Problem description: Output only the lines that run from the line holding "Sprzedam: dom 74" to the end of the entries, both ends included, and skip the pictures.

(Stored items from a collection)
⁂
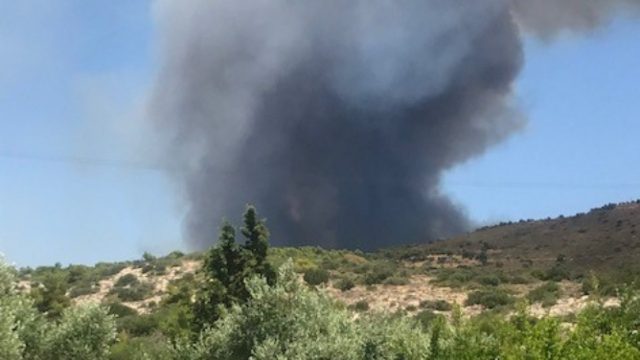Φωτιά στο Λαύριο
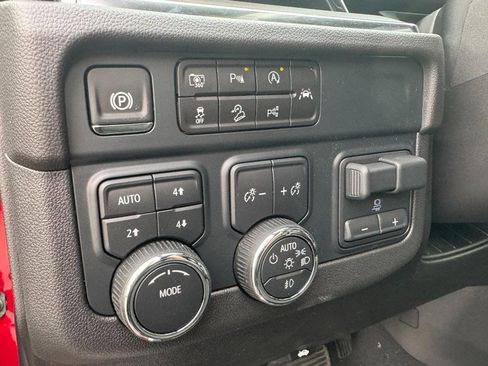 New 2025 Chevrolet Tahoe Premier w/ Sun And Tow Package AWD/4WD image 11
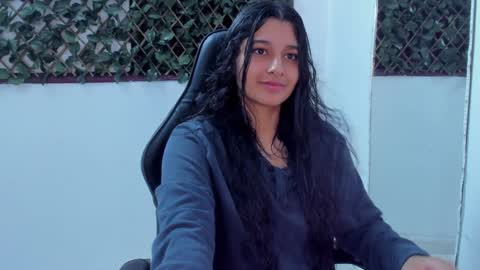 Snapshot of megan_whitte_01 chatting on January 28, 9:19 am megan white 01  online show from January 28, 9:19 am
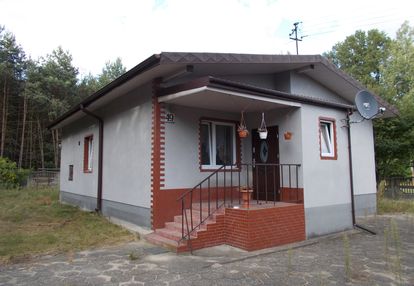 Sprzedam: dom 74 m2, działka 900m2, garaż 18 m2.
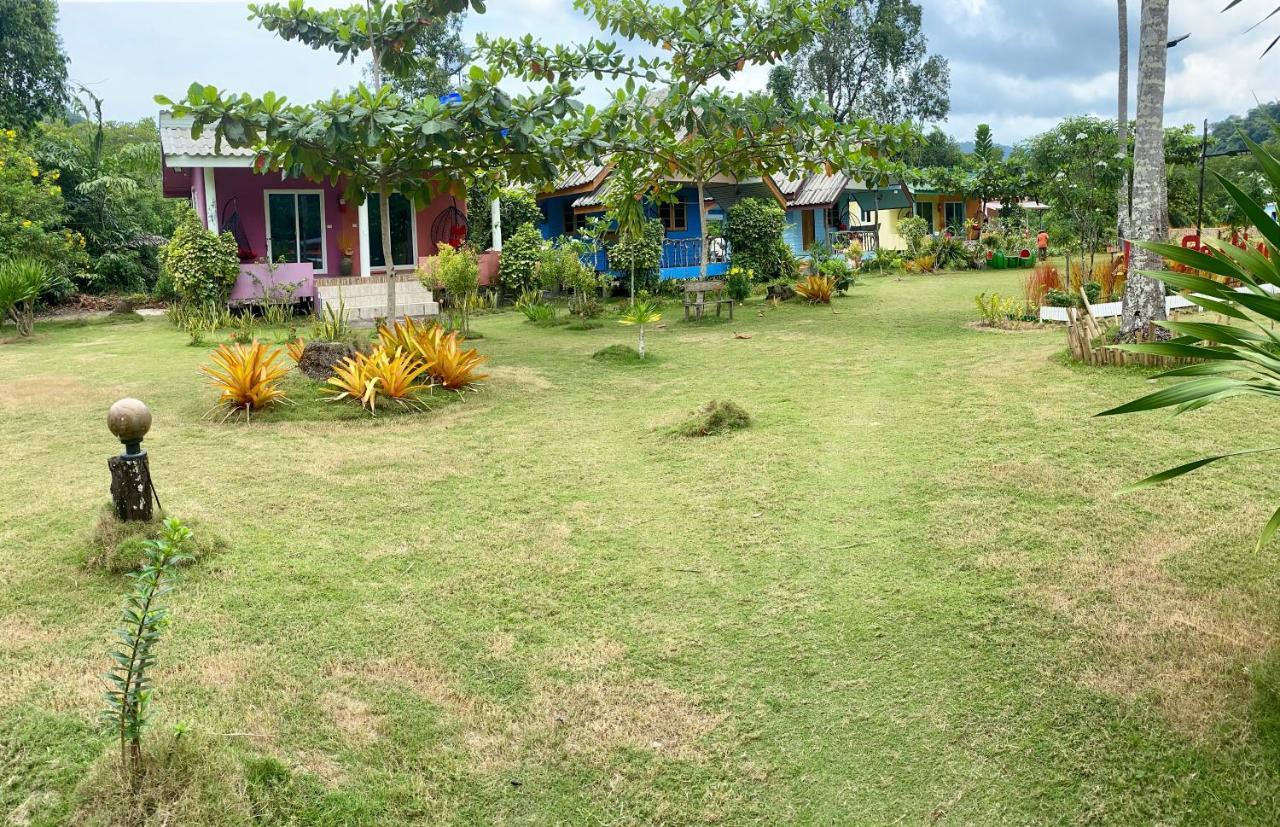Lee Red House Hotel Ban Lak Uan Exterior foto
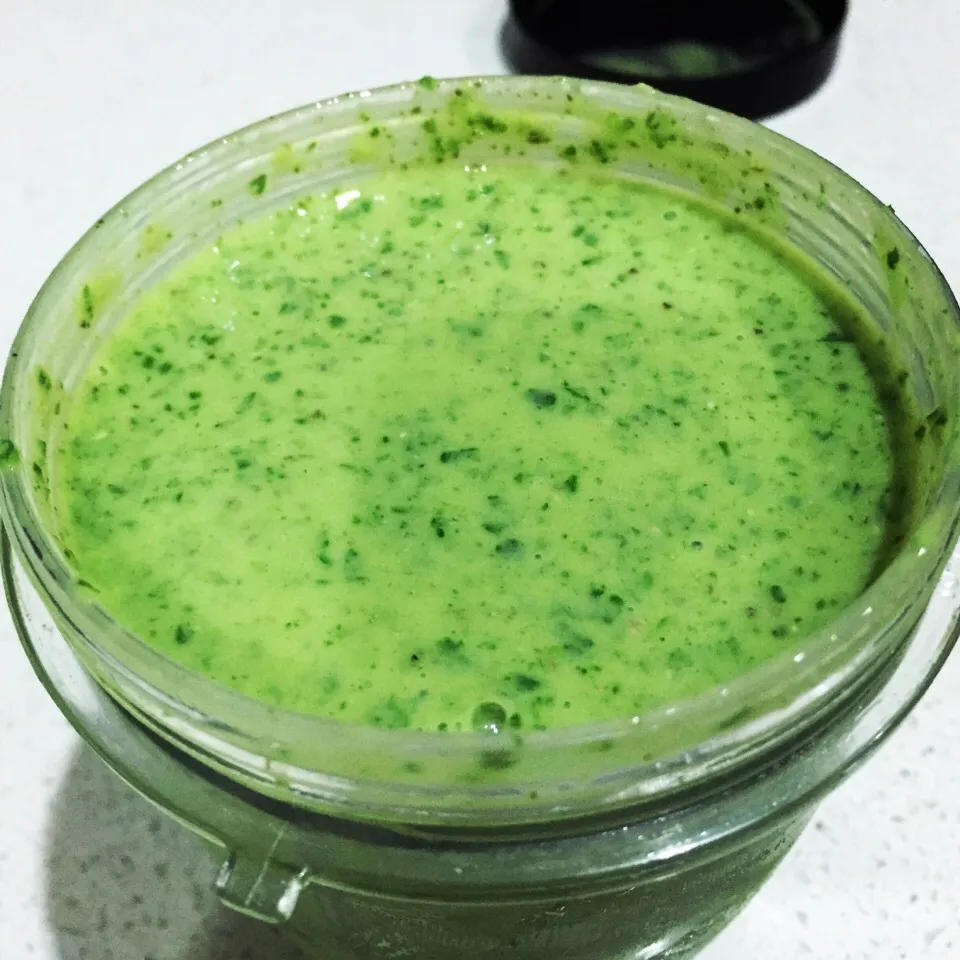 My first kale and banana smoothie!|charmaineさん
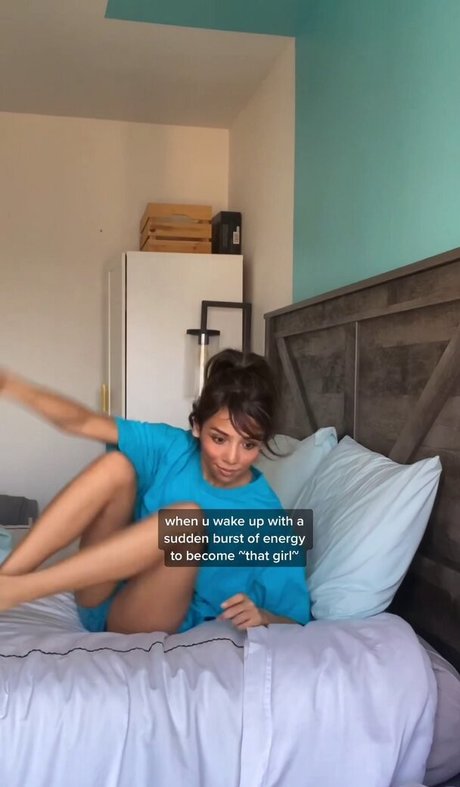 Riri Bichri model beautiful pic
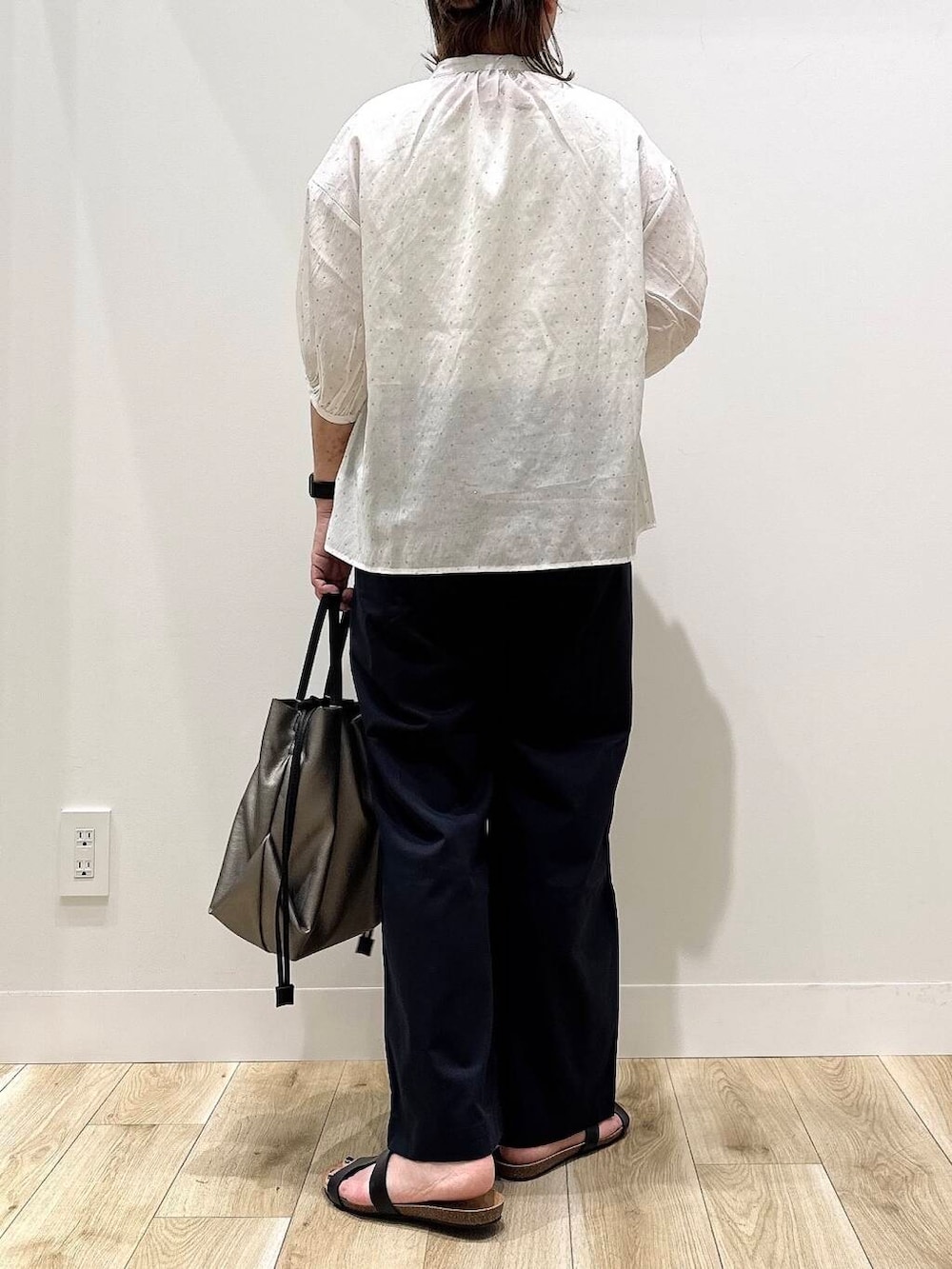 「トップス、ママコーデ、シンプルコーデ、ブラウス、低身長、デート、オフィスカジュアル、オフィス、30代、楽ちん、ウエストゴム、体型カバー、骨格ナチュラル、30代前半、幅広」｜「URBAN RESEARCH DOORSのレーヨンコットンイージーパンツ（その他パンツ、ブルー系）」を使った、ながせさん（レディース・156cm）の夏コーディネートの6枚目の写真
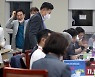 내년 최저임금 심의 '파행'..민주노총·경영계 퇴장속 표결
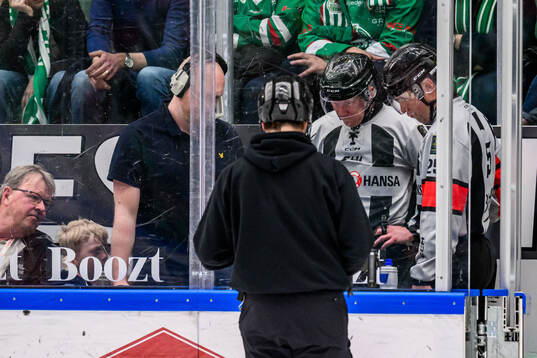 Domare Mikael Holm och Domare Tobias Björk videogranskar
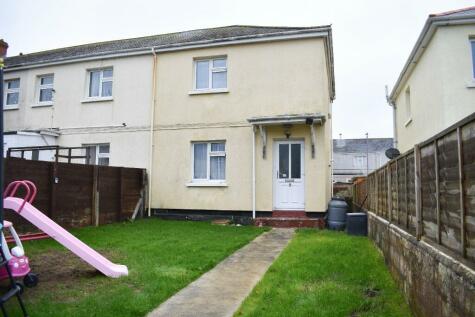 Redruth - 3 bedroom end of terrace house for sale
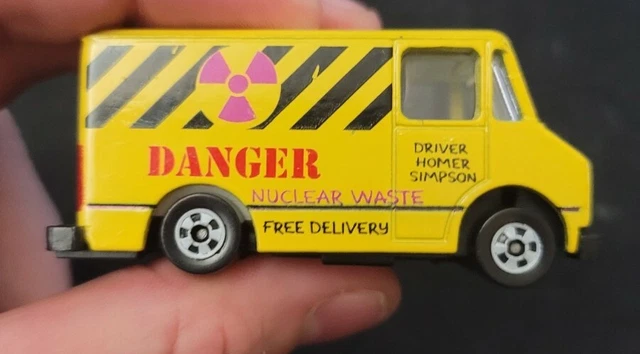 Hot Wheels HWBDV00 THE HOMER THE SIMPSON 1:64 Modellino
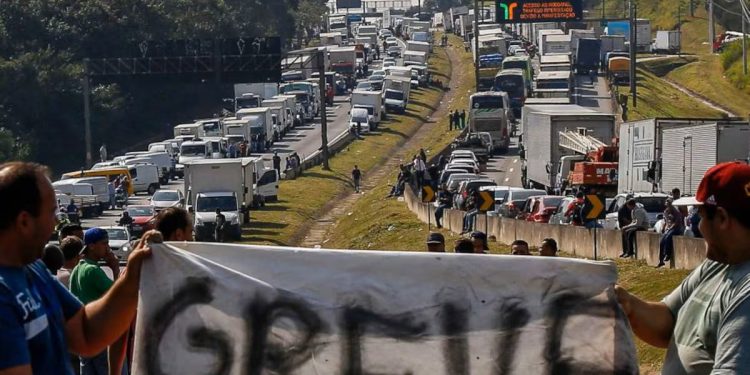 Caminhoneiros ameaçam parar o Brasil em 5 de novembro; abastecimento entra em alerta
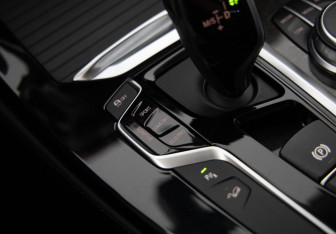 Подержанный автомобиль BMW X4 2019 года (21 фото)
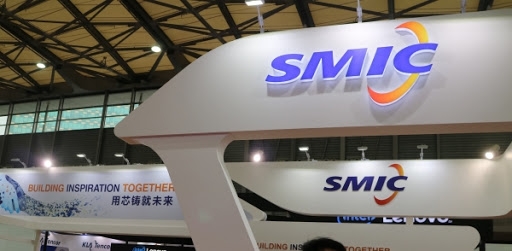 중국 정부가 SMIC·화홍 등 자국 반도체기업에게 법인세를 10년간 면제해주기로 했다.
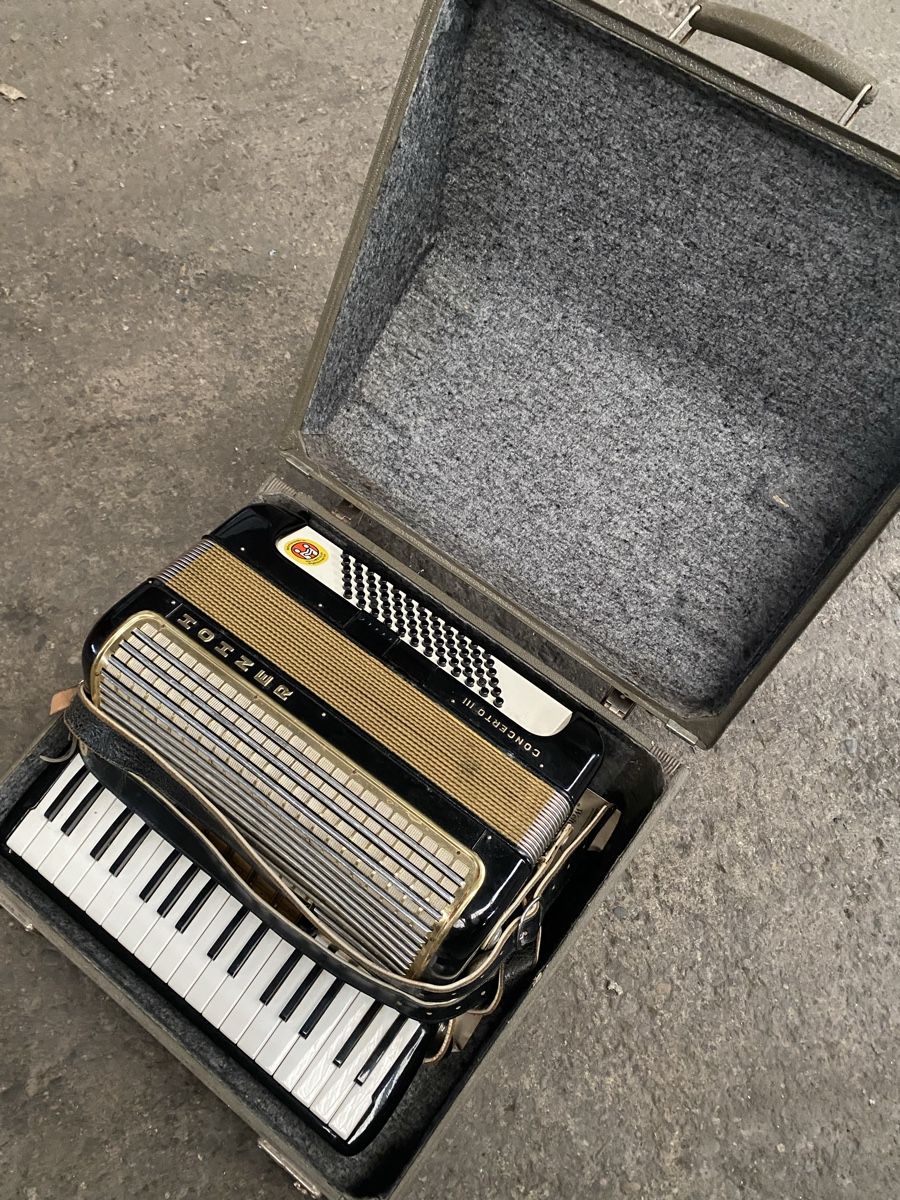 Hohner Strumenti musicali: Hohner Concerto III – Difettoso da Wilen b. Wil venduto da Ku_26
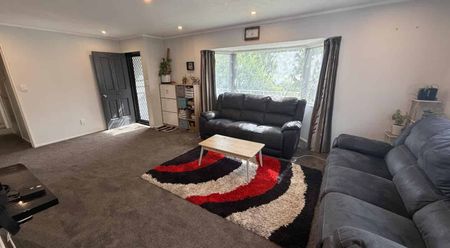 3 Bedroom Family Home - Photo 3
⁂
Output for this task:
 Sprzedam: dom 74 m2, działka 900m2, garaż 18 m2.
Lee Red House Hotel Ban Lak Uan Exterior foto
 My first kale and banana smoothie!|charmaineさん
 Riri Bichri model beautiful pic
 「トップス、ママコーデ、シンプルコーデ、ブラウス、低身長、デート、オフィスカジュアル、オフィス、30代、楽ちん、ウエストゴム、体型カバー、骨格ナチュラル、30代前半、幅広」｜「URBAN RESEARCH DOORSのレーヨンコットンイージーパンツ（その他パンツ、ブルー系）」を使った、ながせさん（レディース・156cm）の夏コーディネートの6枚目の写真
 내년 최저임금 심의 '파행'..민주노총·경영계 퇴장속 표결
 Domare Mikael Holm och Domare Tobias Björk videogranskar
 Redruth - 3 bedroom end of terrace house for sale
 Hot Wheels HWBDV00 THE HOMER THE SIMPSON 1:64 Modellino
 Caminhoneiros ameaçam parar o Brasil em 5 de novembro; abastecimento entra em alerta
 Подержанный автомобиль BMW X4 2019 года (21 фото)
 중국 정부가 SMIC·화홍 등 자국 반도체기업에게 법인세를 10년간 면제해주기로 했다.
 Hohner Strumenti musicali: Hohner Concerto III – Difettoso da Wilen b. Wil venduto da Ku_26
 3 Bedroom Family Home - Photo 3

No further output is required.